In probably the biggest art heist in history, thieves broke into a museum on Germany in early morning hours and stole three 'priceless' sets of 18th-century jewellery valued at 1 billion euros ($1.1 billion), a media report said on Monday.
Two thieves switched off power supply at 5 a.m. before breaking through a window into the Green Vault museum in Dresden, eastern Germany, which in the past boasted that it was "as secure as Fort Knox", a Daily Mail Online report said.
They smashed open the cabinet in which the three jewellery ensembles were stored, officials said. These were commissioned by Saxony's former ruler Augustus the Strong in an 18th century show of power.
Museum experts said the items are "priceless" and can never be sold. German newspaper Bild was quoted that treasures of up to a billion euros may have been stolen, which will make it the biggest art heist in history.
The thieves were caught on CCTV cameras inside the museum and have so far eluded arrest. There have been a series of other famous thefts, including the theft of Mona Lisa painting in Paris which is vauled at $700 million in today's price.
The masterpiece by Leonardo da Vinci was stolen from the Louvre in Paris in 1911, but was recovered and returned in 1914. Asked about the suggested value of a billion euros for the stolen jewellery, museum director Marion Ackermann told the media that the value could not be quantified.

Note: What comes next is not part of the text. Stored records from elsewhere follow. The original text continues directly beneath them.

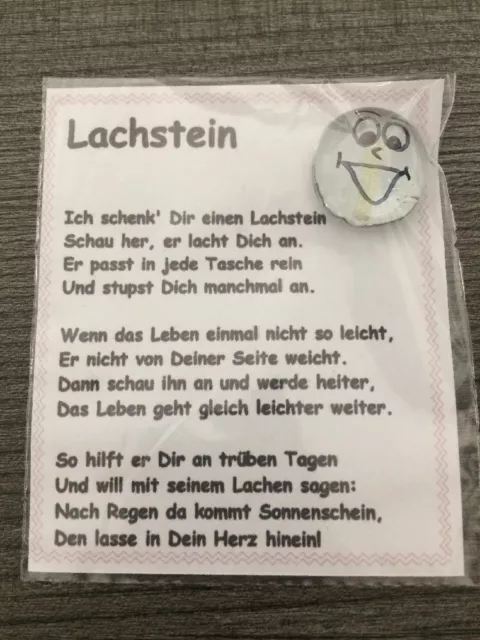 Gastgeschenk Lachstein Stein Steinchen Hochzeit Geburtstag Taufe Deko 15 Stück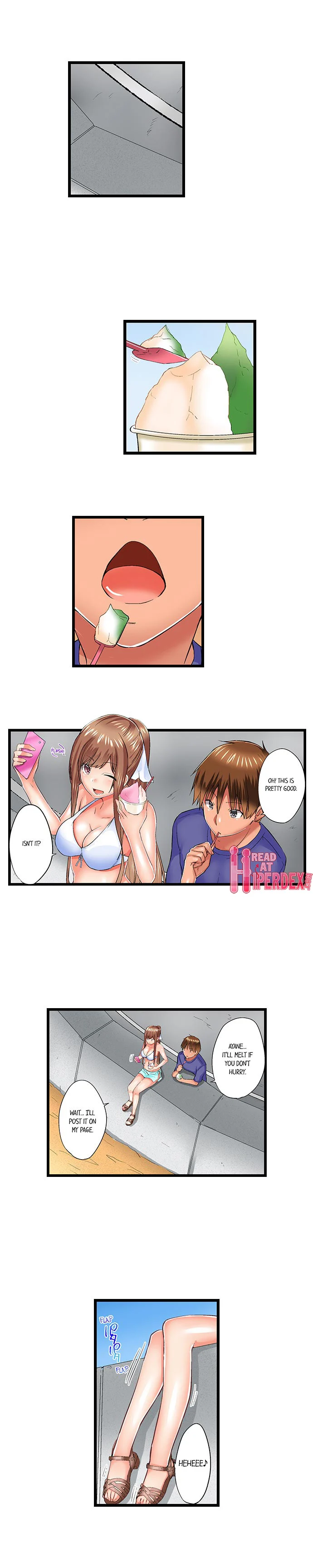 My Brother’s Slipped Inside Me in The Bathtub chapter 58 page 7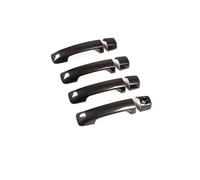 Rugnipw for Toyota for Tundra 2007-2021 for Sequoia 2008-2015 Car Exterior Door Handle Cover Trim Car Accessories Car Trim Interior(Carbon Fiber)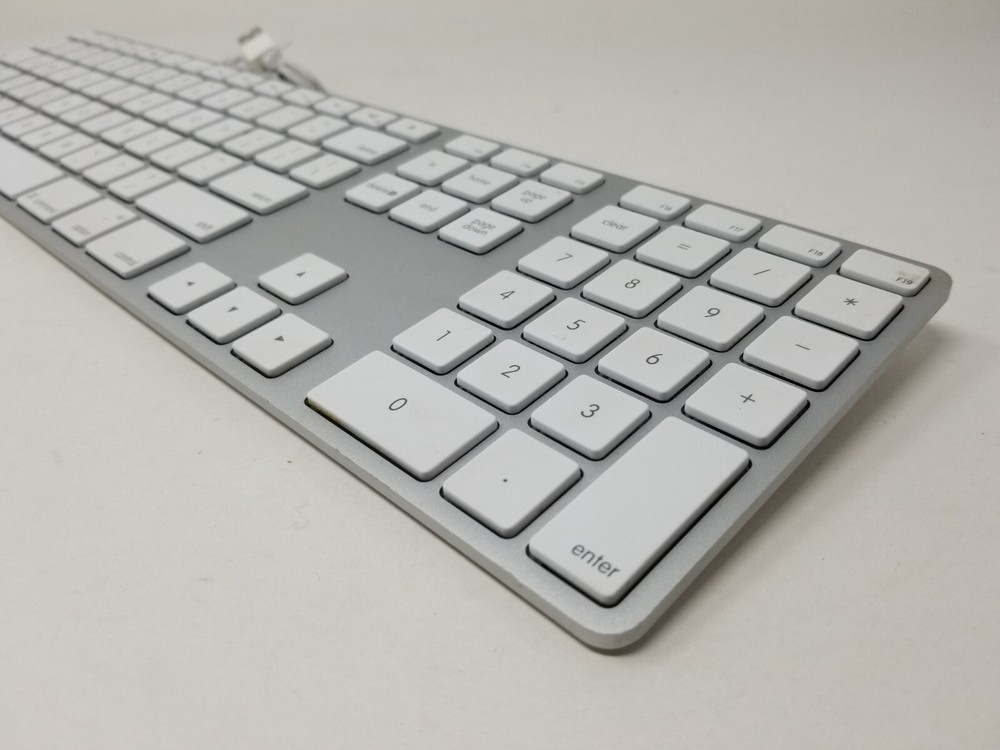 Replacement Keycaps Key Cap w/ Hinge Spring For Apple A1243 Keyboard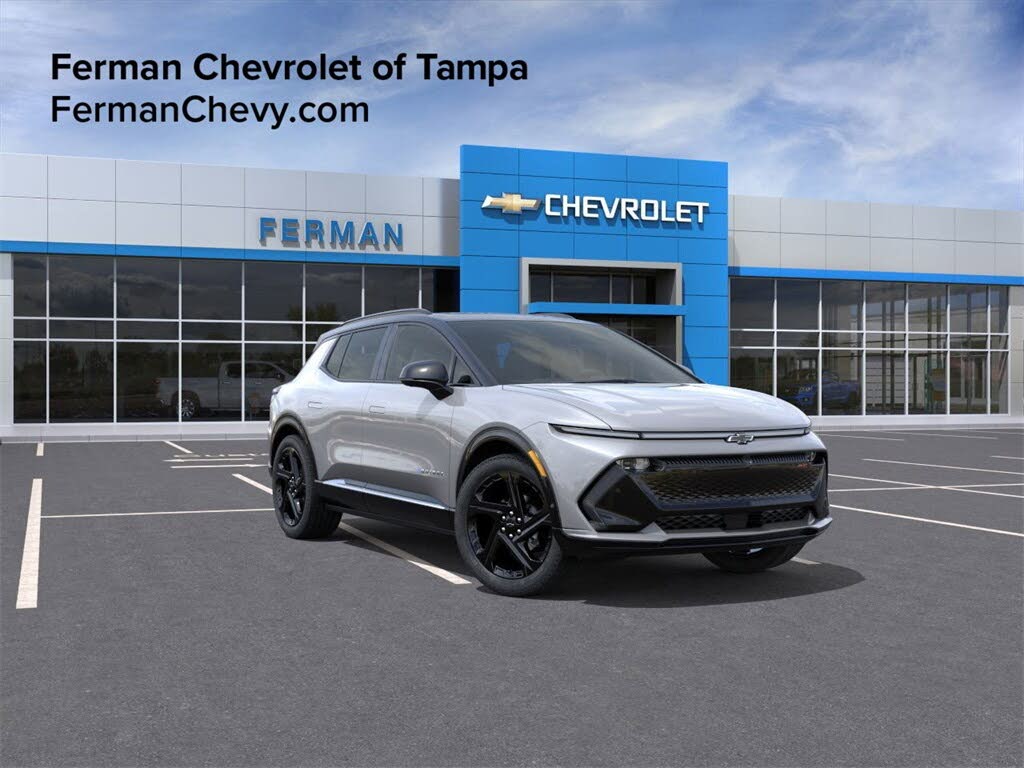 2026 Chevrolet Equinox EV RS AWD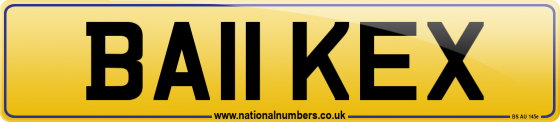 BA11 KEX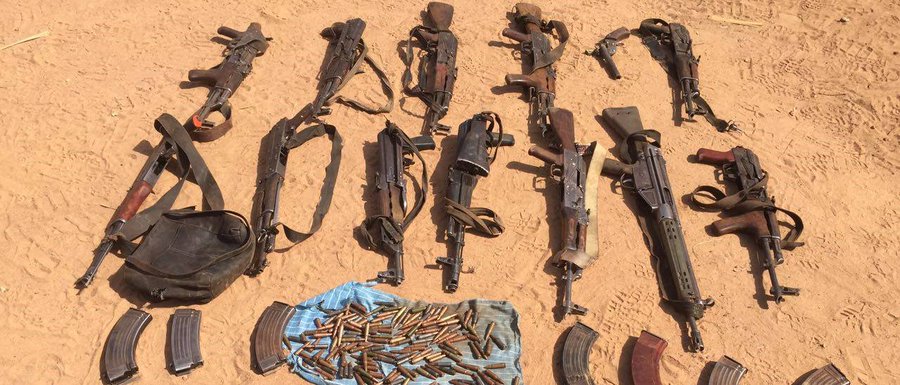 Recovered AK-103 Via @DefenceInfoNG May 2016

"We're dealing with priceless artistic and cultural treasures. We cannot give a value because it is impossible to sell," he said. Another museum director Dirk Syndram said the sets represented 'a kind of world heritage', totalling about 100 jewellery items.
State police were investigating how the thieves got inside and stole the jewellery. Reports from Germany said that the thieves were 'noticeably small' and able to fit through a tiny space in a window. Police said they had neither identified the suspects not made any arrest.